* _Data below_:
__________________________________________________
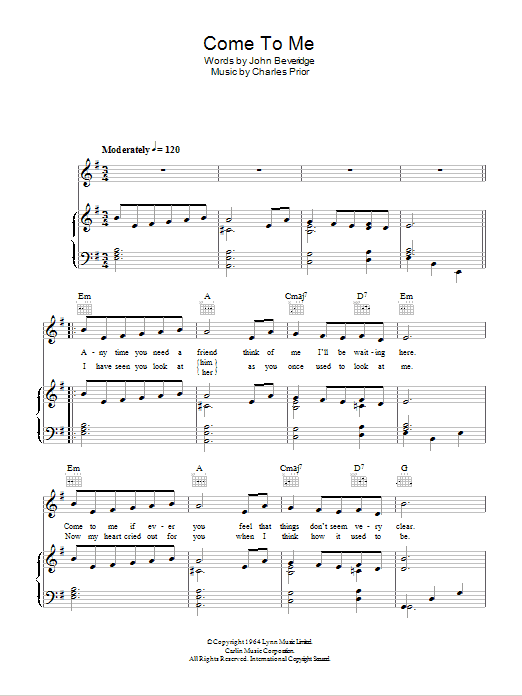 Download Julie Grant Come To Me Sheet Music and learn how to play Piano, Vocal & Guitar (Right-Hand Melody) PDF digital score in minutes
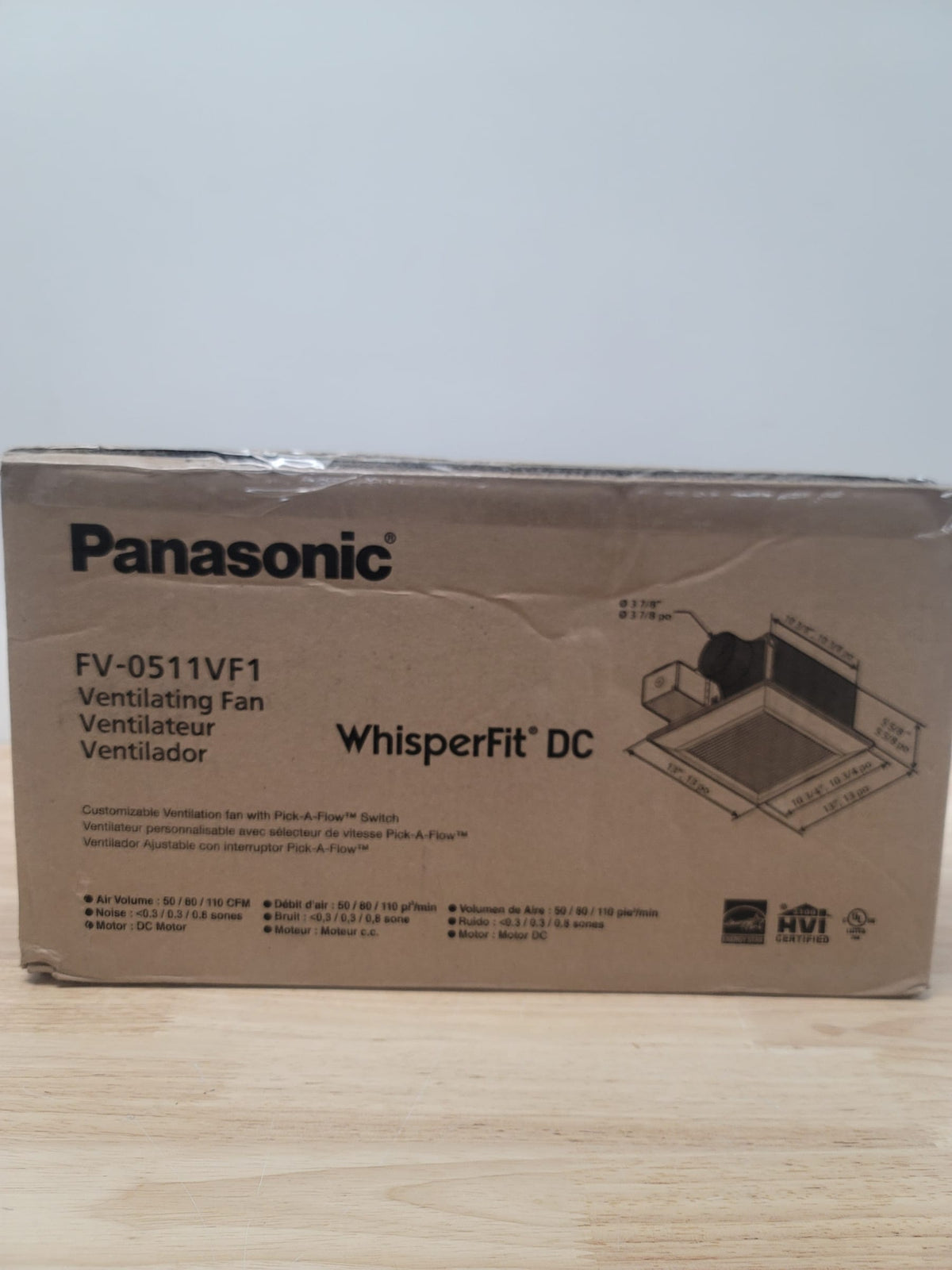 Panasonic FV-0511VF1 WhisperFit DC 110 CFM 1.2 Sone Ceiling Mounted Bath Exhaust Fan with Energy Star Rating - White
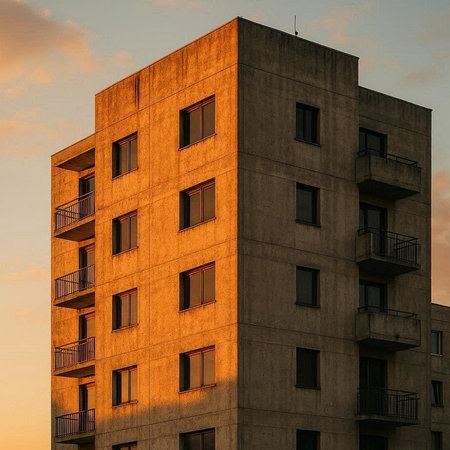 Modern apartment buildings on a sunny day with a blue sky. Facade of a modern apartment building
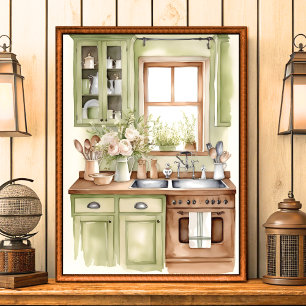 Bohemien landelijke keuken muurkunst in vintage st poster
__________________________________________________
* _What is needed_: Reproduce the material word for word, pictures excluded.

* _Response to this exercise_:
 Download Julie Grant Come To Me Sheet Music and learn how to play Piano, Vocal & Guitar (Right-Hand Melody) PDF digital score in minutes
 Panasonic FV-0511VF1 WhisperFit DC 110 CFM 1.2 Sone Ceiling Mounted Bath Exhaust Fan with Energy Star Rating - White
 Modern apartment buildings on a sunny day with a blue sky. Facade of a modern apartment building
 Bohemien landelijke keuken muurkunst in vintage st poster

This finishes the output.